Je veux bien entendu parler du groupe Awek
qui commence à défrayer la chronique au sein du
microcosme 'blues', qui avait bien besoin d'un lifting salvateur.
Fort de cinq albums et de dix ans d'expérience à
prêcher la bonne parole de la petite note bleue, Awek
a atteint une force et une maturité dignes de leurs pairs
d'outre-Atlantique. Leur style musical est un cocktail détonant,
un melting-pot de groove et de feeling dans lequel se côtoient
classicisme et originalité, fougue et sobriété,
orthodoxie et empreinte personnelle… Avec leur look de marlous
des faubourgs de Chicago tirés à quatre épingles
façon Fabulous Thunderbirds,
ou de mafiosos invétérés le soufflant toujours
chaud, à tenir les premiers rôles dans Reservoir
Dogs de Quentin Tarantino, c'est
un régal pour les tympans et les neurones de les voir mettre
le feu sur scène, avec toujours ce blues à fleur
de peau en ligne de mire.. Awek
joue un blues authentique, comme on le jouait dans les juke joints
et autres bouges enfumés de Jackson Mississippi. Mais encore
une fois, un blues personnel et bigarré, aux antipodes
des fac-similés dénués d'intérêt.
Elu à juste titre meilleur groupe de blues 2004, le groupe
maintenant s'exporte et rentre d'une tournée chez nos cousins
du Québec, où il fût la véritable révélation.
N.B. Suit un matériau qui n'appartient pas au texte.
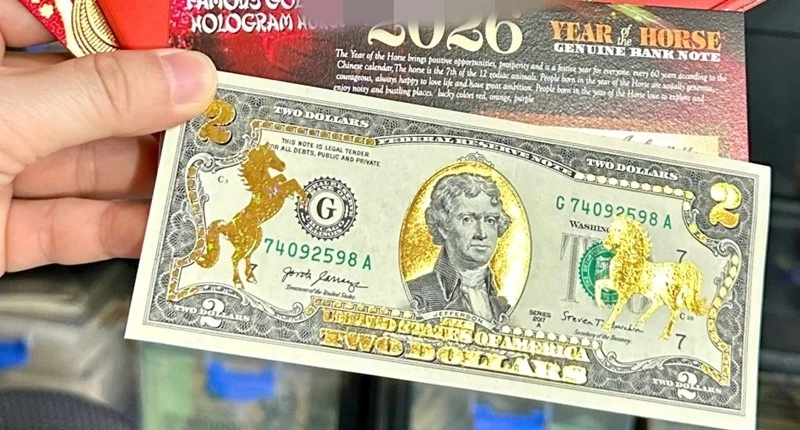 Tiền lì xì in hình ngựa 'phủ sóng' thị trường Tết Bính Ngọ 2026 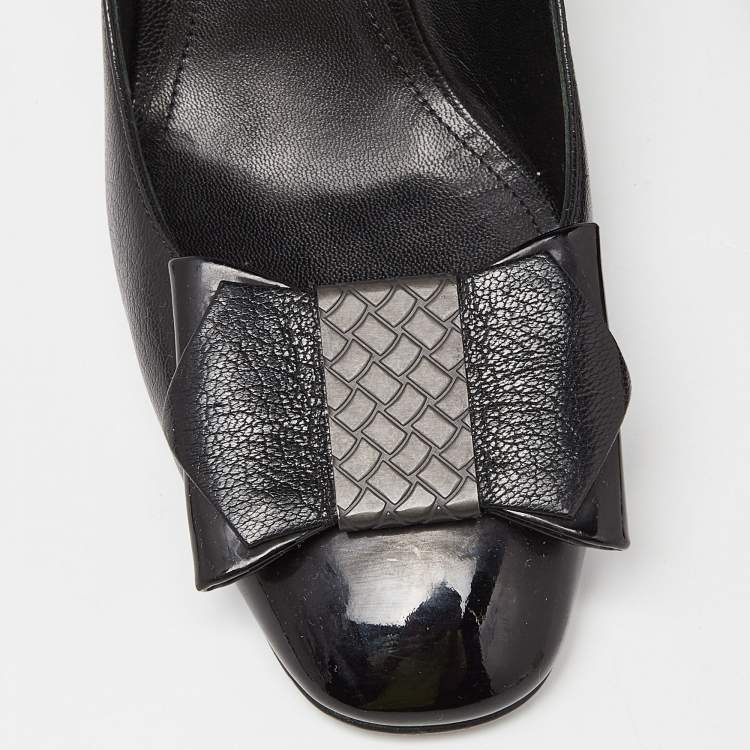Pre Owned Bottega Veneta Black Leather and Patent Cap Toe Bow Pumps Size 38.5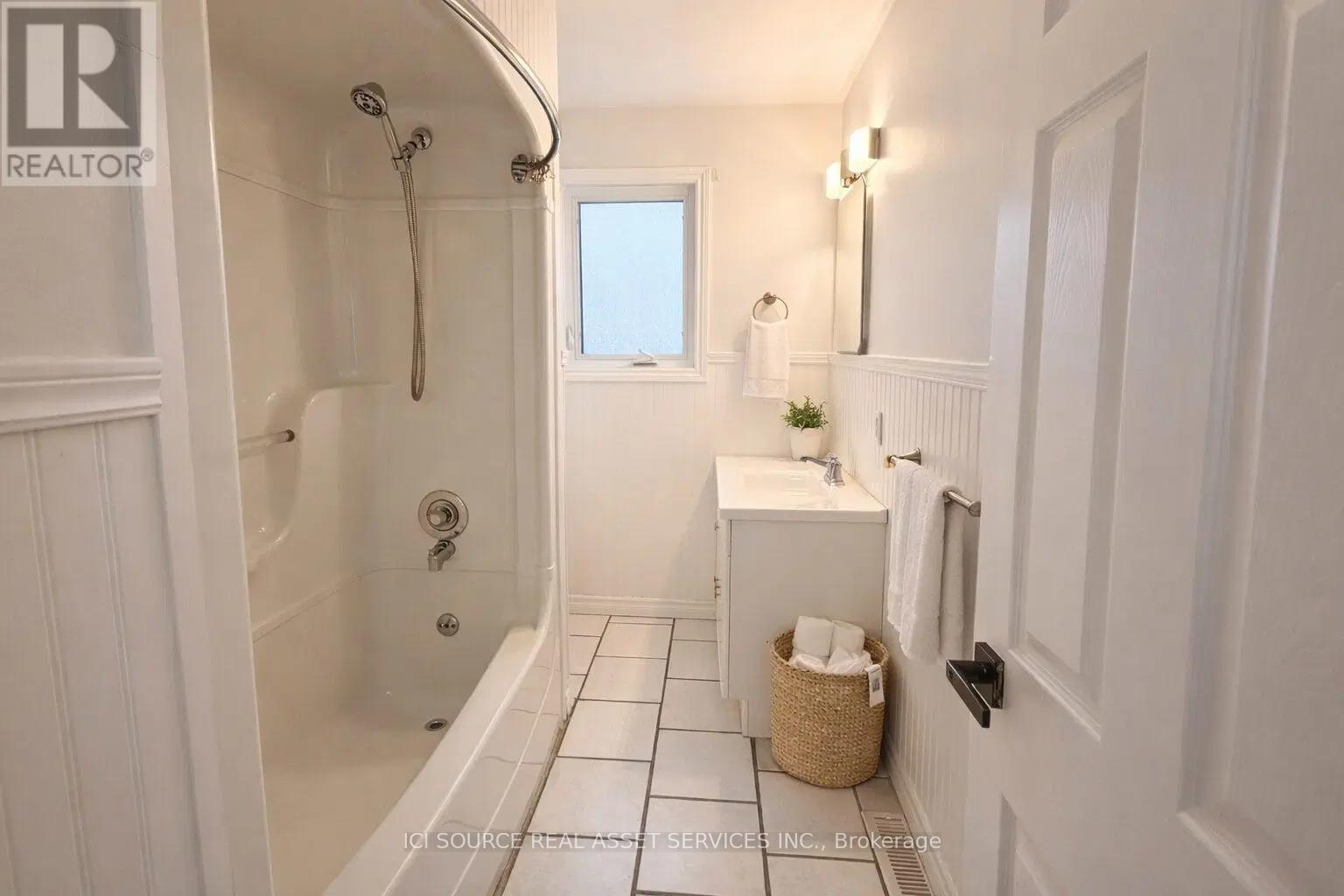 6 MACDONALD AVENUE - 6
Leur dernier opus intitulé 'Just
Pick Up The Pieces' est certainement le plus abouti et
le plus mature, allant même jusqu'à taquiner un tantinet
l'état de grâce.
On ne ressort jamais indemne quand par une nuit noire d'ébène,
on a croisé la route d'Awek
et son blues tribal…
Serge SCIBOZ (BCR
La Revue)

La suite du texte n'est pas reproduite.